The A5, cycle policy and Cycle Highways

July 12, 2009 by David Arditti

Searching my emails,  I came cross this, written by Nick Bell, Barnet Council's transport strategy chief, on 4 August 2004, explaining Barnet's non-participation in the A5 CRISP :

The Council has two main concerns with regard to the proposals for providing
additional cycle facilities on the A5.

Firstly, the road layout and traffic conditions on the A5 do not provide a
particularly good environment for cyclists.  The combination of relatively
fast moving traffic and congestion in alternating stretches, numerous busy
junctions, and high bus and HGV flows make it very challenging to find ways
of improving the route.  Furthermore, as some lengths of the road have town
centre type retail frontage with the accompanying parking and loading
requirements and problems, any additional provision for cyclists is likely
to be both difficult to achieve and potentially create a hazardous situation
for cyclists and/or pedestrians.

With these issues in mind, the Council believes it is very unlikely that a
satisfactory and safe engineering solution can be developed for this section
of the A5, particularly where the route crosses the North Circular Road.  It
is precisely for these reasons that other routes such as Brent Terrace have
been identified in the past.

The second main issue is the proposed regeneration of Cricklewood (& Brent
Cross) and West Hendon.  Both these projects are at a stage where detailed
layouts have not been prepared, however they are sufficiently advanced that
the Council is confident that regeneration will proceed and that the scale
of the work involved will be significant.  This means that there is an
opportunity to provide high quality routes as part of the regeneration
schemes, but also that changes to the existing road layout may mean any
improvements for cyclists made now may have to be removed or altered and
would therefore not be good value for money.  TfLSM are aware of the scale
of the changes necessary in the area around Staples Corner.

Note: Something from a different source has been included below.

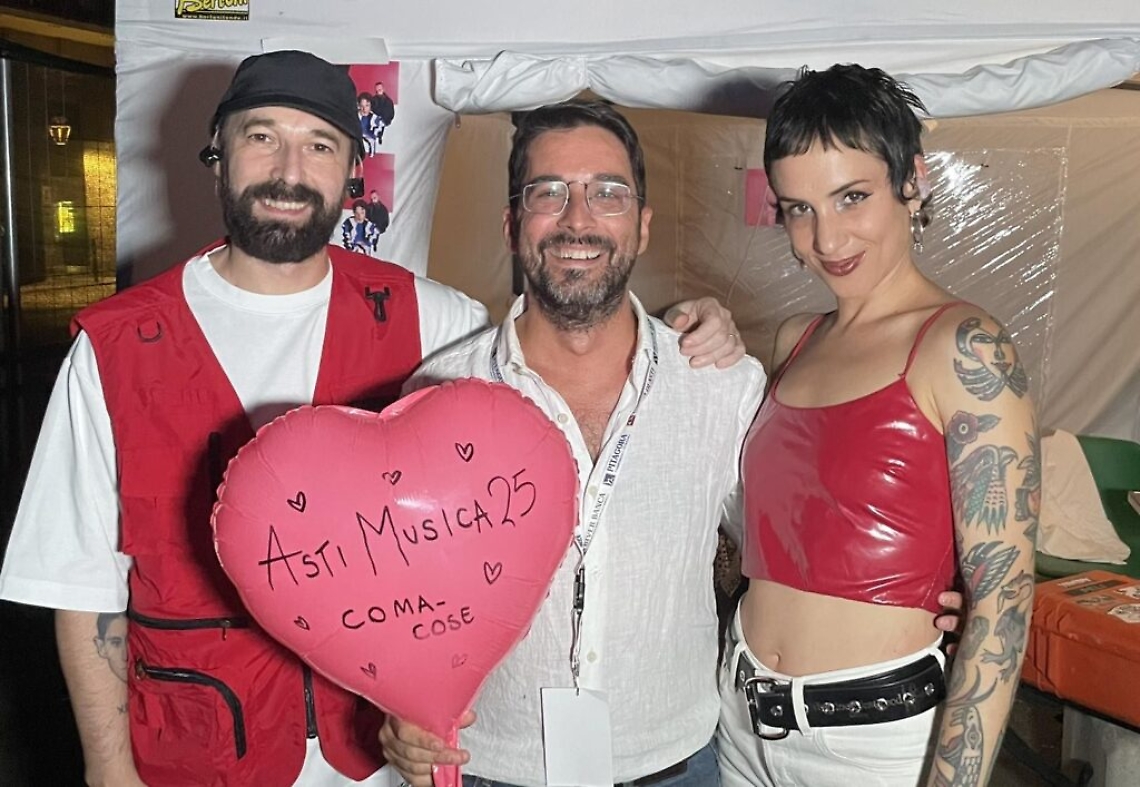 Candelaresi con Coma Cose sito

Ultimately, as joint Highway Authority for some lengths of the A5, and sole
Highway Authority for one section, the Council would have to satisfy itself
that any changes to the road layout are appropriate, safe and value for
money, prior to implementing them.  From past work and local knowledge, our
belief is that experienced cyclists will not get significant benefits from
comprehensive measures on the A5, and may in fact find them unhelpful.
There is also a risk that novice and inexperienced riders may be attracted
to the A5 by the presence of any new cycle facilities and be given a false
sense of security.  The fact that the A5 offers a direct route when viewed
on a map does not necessarily mean that it is the best or most appropriate
route for all cyclists.

Quite apart from the ludicrous idea in his first paragraph that improving the A5 for cyclists would somehow harm conditions for pedestrians, all this is interesting when read in the context of the letter of 29 May 2009 from Brent Cross Cricklewood to us, where Jonathan Joseph, Development Director, writes of the plans for the development:

At this junction [Staples Corner], the fast commuter can either use the flyover or follow the general traffic route at ground level. The utility cyclist does have a safe route in both directions:
-North to south via the combined pedestrian and cycle bridge, which has cycle ramps at both north and south sides of the A406, and is a two way facility
-South to north via the toucan crossing of the A406.

The leisure cyclist would most probably travel along one of the new segregated north-south routes being provided within the scheme, which connect with the existing designated cycle routes at the perimeter of the regeneration area.
These quotes illustrate the double-bind we always face regarding cycle provision on the A5. On the one hand, the man in charge of these things in Barnet Council tells us, 5 years ago, that the road is not safe for cycling on,  that provision should not be made on the A5 for fear of attracting cyclists to an unsafe and unsuitable road, and that we must wait until the distant future for alternatives to be developed (which have still not come about and clearly will not for many more years).
 
Then, when the long-awaited  plans for the regeneration area are released, which have for so long been used by Barnet and TfL as an excuse to do nothing on the A5 for cyclists, we are suddenly told, well, sorry, actually the routes through here will not be suitable for commuting cyclists, they will be silly, indirect, low-priority, up and down things that will take all day to use (though the initial ludicrous cycle lift idea was later abandoned). So commuting cyclists are effectively being told to get stuffed, we know the A5 is dangerous and being made more so, but we won't do anything about it and you still have to use it.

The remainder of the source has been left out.